WASHINGTON -- In a major setback for gay rights, the Supreme Court voted yesterday to allow Cincinnati to begin enforcing a ban on any new local laws to protect homosexuals.
Two years after the high court raised doubts about the constitutionality of that ban, the justices refused to hear a new challenge to it. They gave no reasons, leaving unclear just when government can establish a barrier to laws that protect gay rights.
The court's unexplained action came against a background of anxiety among homosexuals after the fatal attack of a gay University of Wyoming student. Some gay rights advocates fear that ordinances like the one in Cincinnati might prevent the passage of hate crimes laws that would deter violent crimes against homosexuals.
The Cincinnati ordinance is the nation's last survivor among a series of anti-homosexual measures adopted by voter initiatives. As a result, the conflict over the ordinance had become a major battleground.
The 1993 ordinance bans any policies that give homosexuals legal protection -- in housing or employment, for example -- based on their sexual orientation or conduct. It also bars "any claim of minority or protected status, quota preference or other preferential treatment." The ordinance has never been enforced because of the legal challenge.
The ordinance appeared to be doomed in 1996, when the Supreme Court struck down a Colorado referendum measure on which the Ohio city's ordinance had been patterned. That decision was the first by the court to uphold gay rights.
Colorado's voter-approved Amendment 2, like Cincinnati's Issue 3, repealed existing gay rights laws. It also banned any new ones unless the state constitution was first amended.
Amendment 2 was a statewide measure, but it was otherwise nearly identical to Cincinnati's citywide Issue 3. The Cincinnati ordinance wiped out an existing gay rights ordinance and banned new ones, unless the charter was amended first.
After the Colorado decision, the justices ordered a federal appeals court to apply that ruling to the Cincinnati ordinance. But the appeals court upheld the Cincinnati law a second time, saying the Colorado ruling applied only to statewide, not local, bans on gay rights protection.
Gay rights groups took the dispute back to the Supreme Court. They argued that "a city has no greater constitutional authority than a state to relegate one class of citizens to permanent inequality before the law." Cincinnati's ordinance, the gay rights groups -argued, was so clearly unconstitutional that the court should strike it down without even holding a hearing.
A group of cities -- including Philadelphia, New York, Atlanta, Los Angeles and San Francisco -- supported the appeal, saying that "it would be difficult to find a case more clearly governed" by the court's decision in the Colorado case. The cities said there were "only minor differences" between the two measures.

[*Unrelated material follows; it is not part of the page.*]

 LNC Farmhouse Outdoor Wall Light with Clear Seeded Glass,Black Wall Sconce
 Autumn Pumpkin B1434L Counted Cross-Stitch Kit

But rather than returning to the issue, the Supreme Court refused yesterday to consider the new challenge. It was not clear how the vote among the justices was divided. Three justices, plainly troubled by the Cincinnati ordinance but apparently unable to gather the four votes needed to review it, issued an unusual statement seeking to diminish the significance of what the court had done.
Justice John Paul Stevens, writing for those three, cautioned that the court's action "should not be interpreted as an expression of its views" about the constitutionality of such ordinances. Stevens, joined by Justices Ruth Bader Ginsburg and David H. Souter, said there was "confusion" over what the Cincinnati ordinance banned.

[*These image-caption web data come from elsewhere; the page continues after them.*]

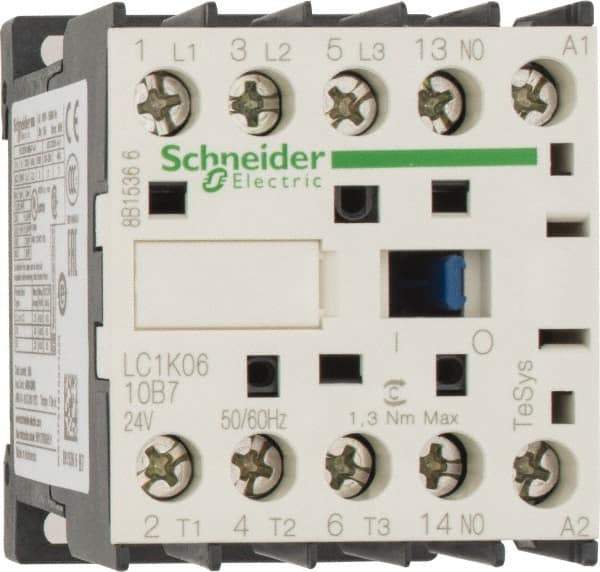 Schneider Electric - 3 Pole, 24 Coil VAC at 50/60 Hz, 6 Amp at 440 VAC, Nonreversible IEC Contactor - BS 5424, CSA, IEC 60947, NF C 63-110, RoHS Compliant, UL Listed, VDE 0660 - Americas Industrial Supply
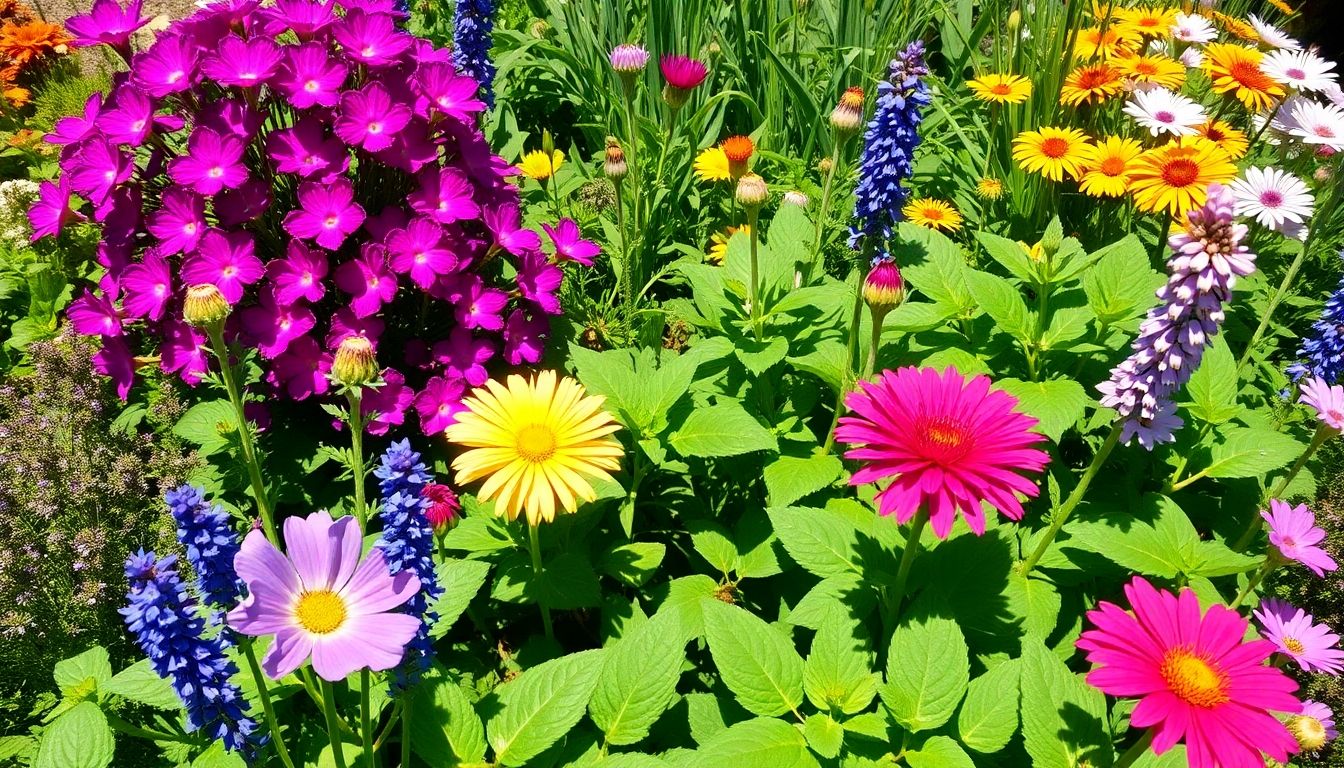 Colourful native plants in a sunny London garden.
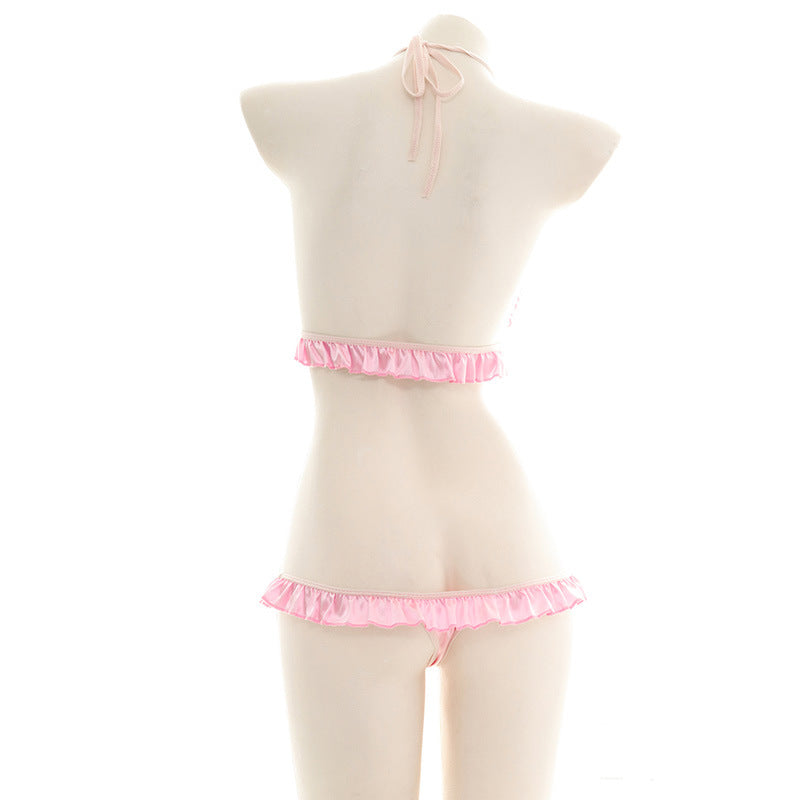 Sofyee Pink Erotic Fun Halter Neck Sexy Lingerie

A denial of review, they said, might mean nothing more than that the particular case was not an appropriate one to decide the issues raised. Dispute over similar bans could return to the court -- perhaps even in a case from Cincinnati, depending on how Issue 3 is enforced.
Because there are no other anti-gay restrictions in the country, Cincinnati may continue as the main battleground. But opponents of gay rights are gathering signatures in other cities to repeal local gay rights laws.
In May, voters in Ypsilanti, Mich., rejected a proposed repeal of that city's ban on discrimination against homosexuals. But in February, voters in Maine voted to repeal the state's gay rights law -- the first such repeal of a statewide measure. The Maine law had been enacted in 1997, but opponents gathered enough signatures to block its enforcement and seek its repeal in a referendum.
Gay rights groups rushed yesterday to exploit Stevens' statement and to suggest that the court had not retreated at all from its Colorado ruling.
The Lambda Legal Defense Fund, one of the challengers to the Cincinnati ordinance, said it was "disappointed that the high court did not put Issue 3 to rest once and for all." But it asserted that the action "has no implications beyond" the Cincinnati case.
The battle will go on in Cincinnati, according to Lambda's executive director, Kevin M. Cathcart. Among other challenges that could be launched are protests to the way Issue 3 is implemented by city agencies.
Opponents of gay rights laws saw the court's action as a signal to other cities that they could pass bans similar to Cincinnati's. Any city considering a measure like Issue 3, said Janet M. LaRue, legal director of the Family Research Council, "would be very wise to go ahead."
She said that such cities should "not change a word" from the Cincinnati version and "hope for the best" when the measure is challenged in court. By its action yesterday, LaRue said, the court signaled that it "could not find a constitutional basis for striking down the Cincinnati ordinance."